(Entries shown):
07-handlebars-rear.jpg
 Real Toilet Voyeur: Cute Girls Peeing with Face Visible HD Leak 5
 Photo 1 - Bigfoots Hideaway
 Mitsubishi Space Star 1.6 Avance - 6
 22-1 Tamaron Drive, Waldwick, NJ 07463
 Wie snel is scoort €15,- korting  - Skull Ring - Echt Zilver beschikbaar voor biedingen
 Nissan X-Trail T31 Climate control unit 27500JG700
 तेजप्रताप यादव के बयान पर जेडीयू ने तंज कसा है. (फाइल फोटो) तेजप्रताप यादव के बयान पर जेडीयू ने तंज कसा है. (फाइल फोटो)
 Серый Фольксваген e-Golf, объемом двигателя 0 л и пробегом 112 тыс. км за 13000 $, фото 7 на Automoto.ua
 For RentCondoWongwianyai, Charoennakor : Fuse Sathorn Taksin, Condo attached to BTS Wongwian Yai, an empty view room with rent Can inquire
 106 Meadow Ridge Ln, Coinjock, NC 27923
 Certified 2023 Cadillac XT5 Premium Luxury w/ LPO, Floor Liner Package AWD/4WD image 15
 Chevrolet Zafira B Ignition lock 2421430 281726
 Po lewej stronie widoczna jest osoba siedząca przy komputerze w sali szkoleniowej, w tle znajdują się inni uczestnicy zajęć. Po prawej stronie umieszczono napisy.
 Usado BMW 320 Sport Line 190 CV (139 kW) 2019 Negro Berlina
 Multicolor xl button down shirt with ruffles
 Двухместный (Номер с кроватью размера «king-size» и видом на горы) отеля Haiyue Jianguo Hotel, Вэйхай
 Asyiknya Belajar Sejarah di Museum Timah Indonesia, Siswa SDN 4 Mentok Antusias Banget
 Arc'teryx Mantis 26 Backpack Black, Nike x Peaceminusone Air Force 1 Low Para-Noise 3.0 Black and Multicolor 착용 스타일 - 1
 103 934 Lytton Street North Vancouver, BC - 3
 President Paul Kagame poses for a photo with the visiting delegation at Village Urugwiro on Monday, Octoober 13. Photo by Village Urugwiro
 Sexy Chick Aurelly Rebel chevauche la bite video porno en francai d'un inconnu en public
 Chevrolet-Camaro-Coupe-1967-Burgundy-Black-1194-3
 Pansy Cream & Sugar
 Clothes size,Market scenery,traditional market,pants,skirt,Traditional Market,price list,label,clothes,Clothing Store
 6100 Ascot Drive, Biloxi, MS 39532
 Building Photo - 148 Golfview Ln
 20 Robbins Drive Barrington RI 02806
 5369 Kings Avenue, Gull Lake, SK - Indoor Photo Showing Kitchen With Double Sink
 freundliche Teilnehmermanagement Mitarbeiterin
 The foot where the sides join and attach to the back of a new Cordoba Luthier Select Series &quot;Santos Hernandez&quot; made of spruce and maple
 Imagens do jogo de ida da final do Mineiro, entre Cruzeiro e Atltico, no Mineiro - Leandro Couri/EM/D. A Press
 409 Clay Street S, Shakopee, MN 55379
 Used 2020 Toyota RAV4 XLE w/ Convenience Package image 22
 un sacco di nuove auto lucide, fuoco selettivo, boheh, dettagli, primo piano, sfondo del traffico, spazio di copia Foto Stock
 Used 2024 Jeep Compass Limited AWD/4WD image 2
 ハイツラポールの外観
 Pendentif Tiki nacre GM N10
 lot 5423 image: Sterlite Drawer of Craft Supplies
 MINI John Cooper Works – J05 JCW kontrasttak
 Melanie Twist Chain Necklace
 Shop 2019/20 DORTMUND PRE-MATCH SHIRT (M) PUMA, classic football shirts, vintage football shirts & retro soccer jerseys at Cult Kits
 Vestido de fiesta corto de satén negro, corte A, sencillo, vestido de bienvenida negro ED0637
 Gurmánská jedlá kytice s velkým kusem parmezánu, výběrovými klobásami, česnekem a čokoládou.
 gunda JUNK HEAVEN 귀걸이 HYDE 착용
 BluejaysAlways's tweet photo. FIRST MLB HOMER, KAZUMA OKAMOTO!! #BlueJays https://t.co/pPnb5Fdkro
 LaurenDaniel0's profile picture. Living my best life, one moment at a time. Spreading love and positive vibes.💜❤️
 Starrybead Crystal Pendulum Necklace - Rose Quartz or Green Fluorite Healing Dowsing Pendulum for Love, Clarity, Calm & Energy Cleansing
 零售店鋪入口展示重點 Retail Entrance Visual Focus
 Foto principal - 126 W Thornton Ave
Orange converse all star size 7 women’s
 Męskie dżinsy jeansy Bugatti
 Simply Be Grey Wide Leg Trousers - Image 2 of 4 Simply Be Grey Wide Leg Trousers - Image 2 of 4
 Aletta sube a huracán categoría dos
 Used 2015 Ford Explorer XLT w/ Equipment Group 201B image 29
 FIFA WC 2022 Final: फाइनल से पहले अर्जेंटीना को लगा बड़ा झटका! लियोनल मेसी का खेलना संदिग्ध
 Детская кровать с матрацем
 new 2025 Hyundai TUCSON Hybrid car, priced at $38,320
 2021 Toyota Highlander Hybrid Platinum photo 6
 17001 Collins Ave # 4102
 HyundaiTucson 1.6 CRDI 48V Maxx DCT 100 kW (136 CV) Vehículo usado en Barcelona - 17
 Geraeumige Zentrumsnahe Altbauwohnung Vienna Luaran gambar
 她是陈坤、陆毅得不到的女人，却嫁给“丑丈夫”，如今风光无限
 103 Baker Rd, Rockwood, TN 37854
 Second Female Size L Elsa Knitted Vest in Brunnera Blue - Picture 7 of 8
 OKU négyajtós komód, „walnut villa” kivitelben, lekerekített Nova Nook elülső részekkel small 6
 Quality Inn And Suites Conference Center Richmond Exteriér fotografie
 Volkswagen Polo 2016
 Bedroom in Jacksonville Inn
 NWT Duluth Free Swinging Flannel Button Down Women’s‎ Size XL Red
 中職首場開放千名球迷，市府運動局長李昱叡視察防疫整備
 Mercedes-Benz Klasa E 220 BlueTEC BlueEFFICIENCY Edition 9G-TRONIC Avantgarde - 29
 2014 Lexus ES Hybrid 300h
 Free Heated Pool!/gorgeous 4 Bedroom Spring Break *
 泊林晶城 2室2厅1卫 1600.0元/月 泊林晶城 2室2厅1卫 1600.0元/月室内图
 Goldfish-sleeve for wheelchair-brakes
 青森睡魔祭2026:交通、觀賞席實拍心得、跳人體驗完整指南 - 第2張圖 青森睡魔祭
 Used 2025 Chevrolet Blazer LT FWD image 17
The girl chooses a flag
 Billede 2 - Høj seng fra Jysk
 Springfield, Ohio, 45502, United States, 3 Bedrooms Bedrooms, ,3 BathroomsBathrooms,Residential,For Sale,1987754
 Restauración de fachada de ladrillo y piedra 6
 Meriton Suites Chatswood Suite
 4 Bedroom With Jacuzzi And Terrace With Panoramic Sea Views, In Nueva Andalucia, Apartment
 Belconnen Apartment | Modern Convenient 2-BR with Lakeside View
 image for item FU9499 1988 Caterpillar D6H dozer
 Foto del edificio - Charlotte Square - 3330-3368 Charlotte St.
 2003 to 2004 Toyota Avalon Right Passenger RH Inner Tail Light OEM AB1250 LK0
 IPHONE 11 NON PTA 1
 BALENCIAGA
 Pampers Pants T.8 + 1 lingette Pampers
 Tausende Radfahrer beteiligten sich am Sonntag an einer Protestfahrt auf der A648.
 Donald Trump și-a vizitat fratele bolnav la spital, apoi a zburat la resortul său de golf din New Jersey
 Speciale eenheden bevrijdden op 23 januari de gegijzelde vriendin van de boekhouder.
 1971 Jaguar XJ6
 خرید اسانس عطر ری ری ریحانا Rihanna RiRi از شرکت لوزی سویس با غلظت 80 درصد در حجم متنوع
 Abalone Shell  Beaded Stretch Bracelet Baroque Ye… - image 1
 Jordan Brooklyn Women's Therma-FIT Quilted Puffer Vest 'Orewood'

(Task): Check each line of the data above for the word "Apartment" and state how many lines contain it, with no other text.

(Answer below): 2